Viking DNA research raises eyebrows among Normandy anti-racism activists

Anti-racism activists raised concerns about British research being carried out as the DNA of residents from Normandy in northern France began to be collected on Monday in search of Viking heritage

Around a hundred volunteers are giving DNA samples to academics at the University of Leicester, who are trying to find descendants of the Vikings who invaded what is now Normandy in the 9th century.

“The aim is to learn more about the intensity of the Scandinavian colonisation in the 9th and 10th centuries in the Cotentin Peninsula, ” said senior history lecturer Richard Jones of the University of Leicester.

“That includes trying to find out whether the colonisers kept to themselves or married amongst the locals,” he added.

The French volunteers have been chosen because they have surnames that are of Scandinavian origin or that have been present in France since at least the 11th century.
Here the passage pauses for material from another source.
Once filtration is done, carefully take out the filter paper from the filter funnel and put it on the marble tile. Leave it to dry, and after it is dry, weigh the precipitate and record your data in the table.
They also qualify if all four of their grandparents lived within a 50-kilometre radius of their current home.

But the DNA testing has raised eyebrows in some quarters.
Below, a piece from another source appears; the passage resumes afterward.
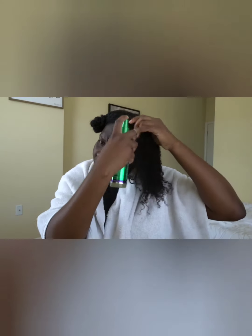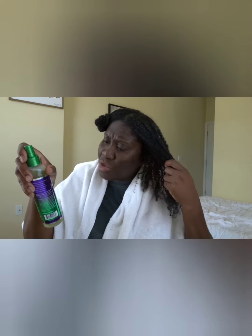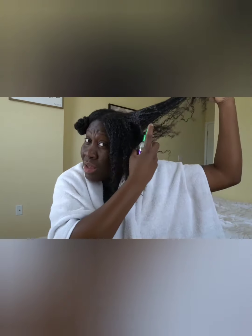Now I am going to be spritzing my hair with my leave-in spray. This is a main choice leave-in — it is the Hair Type 4 Leaf Clover. It is a leave-in spray that helps support natural hair growth and retention. It contains clove oil, flaxseed oil, and aloe vera. I am big on spritzing aloe vera in my hair in my regimen.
“We’re worried this will build on the idea that there are real Normans and fake Normans,” said Jacques Declosmenil, head of the local wing of the Movement Against Racism (MRAP) group.

“In the current context of xenophobia, it’s very dangerous. Racists could use this to say: ‘I’ve got proof that I haven’t got any Arab blood,’ for instance.”

The team are searching for Viking roots amongst residents in three areas of Britain as well as in Normandy.

But at the nearby University of Caen, medieval history professor Pierre Bauduin said he had warned the Leicester academics that racial origins are “an extremely sensitive topic in France”.

“It’s important that the results of this are not misrepresented by anyone,” he said.